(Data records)
++++++++

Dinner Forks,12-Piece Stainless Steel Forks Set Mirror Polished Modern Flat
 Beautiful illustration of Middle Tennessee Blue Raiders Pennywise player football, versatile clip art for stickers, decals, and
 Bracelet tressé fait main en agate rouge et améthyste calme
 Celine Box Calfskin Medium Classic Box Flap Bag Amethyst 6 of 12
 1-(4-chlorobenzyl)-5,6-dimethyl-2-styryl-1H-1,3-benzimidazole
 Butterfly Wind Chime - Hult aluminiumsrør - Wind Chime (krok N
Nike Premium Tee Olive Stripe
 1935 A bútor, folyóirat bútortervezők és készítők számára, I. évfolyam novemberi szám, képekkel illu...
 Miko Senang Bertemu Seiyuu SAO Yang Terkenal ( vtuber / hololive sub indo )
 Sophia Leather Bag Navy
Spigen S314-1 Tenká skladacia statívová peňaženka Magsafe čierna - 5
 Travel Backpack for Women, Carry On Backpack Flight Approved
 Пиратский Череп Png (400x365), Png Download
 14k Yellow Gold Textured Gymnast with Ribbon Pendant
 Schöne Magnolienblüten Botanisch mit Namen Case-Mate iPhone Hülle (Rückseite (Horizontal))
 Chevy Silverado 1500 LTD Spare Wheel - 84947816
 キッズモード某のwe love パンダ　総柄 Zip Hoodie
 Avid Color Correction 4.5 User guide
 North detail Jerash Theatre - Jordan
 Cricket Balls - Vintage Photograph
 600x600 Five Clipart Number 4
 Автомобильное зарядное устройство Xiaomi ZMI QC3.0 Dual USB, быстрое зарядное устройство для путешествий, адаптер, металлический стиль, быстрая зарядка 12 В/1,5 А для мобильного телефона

++++++++

Each entry above, in full, should be output exactly as it reads.

▸ **Response to this exercise**
Dinner Forks,12-Piece Stainless Steel Forks Set Mirror Polished Modern Flat
 Beautiful illustration of Middle Tennessee Blue Raiders Pennywise player football, versatile clip art for stickers, decals, and
 Bracelet tressé fait main en agate rouge et améthyste calme
 Celine Box Calfskin Medium Classic Box Flap Bag Amethyst 6 of 12
 1-(4-chlorobenzyl)-5,6-dimethyl-2-styryl-1H-1,3-benzimidazole
 Butterfly Wind Chime - Hult aluminiumsrør - Wind Chime (krok N
Nike Premium Tee Olive Stripe
 1935 A bútor, folyóirat bútortervezők és készítők számára, I. évfolyam novemberi szám, képekkel illu...
 Miko Senang Bertemu Seiyuu SAO Yang Terkenal ( vtuber / hololive sub indo )
 Sophia Leather Bag Navy
Spigen S314-1 Tenká skladacia statívová peňaženka Magsafe čierna - 5
 Travel Backpack for Women, Carry On Backpack Flight Approved
 Пиратский Череп Png (400x365), Png Download
 14k Yellow Gold Textured Gymnast with Ribbon Pendant
 Schöne Magnolienblüten Botanisch mit Namen Case-Mate iPhone Hülle (Rückseite (Horizontal))
 Chevy Silverado 1500 LTD Spare Wheel - 84947816
 キッズモード某のwe love パンダ　総柄 Zip Hoodie
 Avid Color Correction 4.5 User guide
 North detail Jerash Theatre - Jordan
 Cricket Balls - Vintage Photograph
 600x600 Five Clipart Number 4
 Автомобильное зарядное устройство Xiaomi ZMI QC3.0 Dual USB, быстрое зарядное устройство для путешествий, адаптер, металлический стиль, быстрая зарядка 12 В/1,5 А для мобильного телефона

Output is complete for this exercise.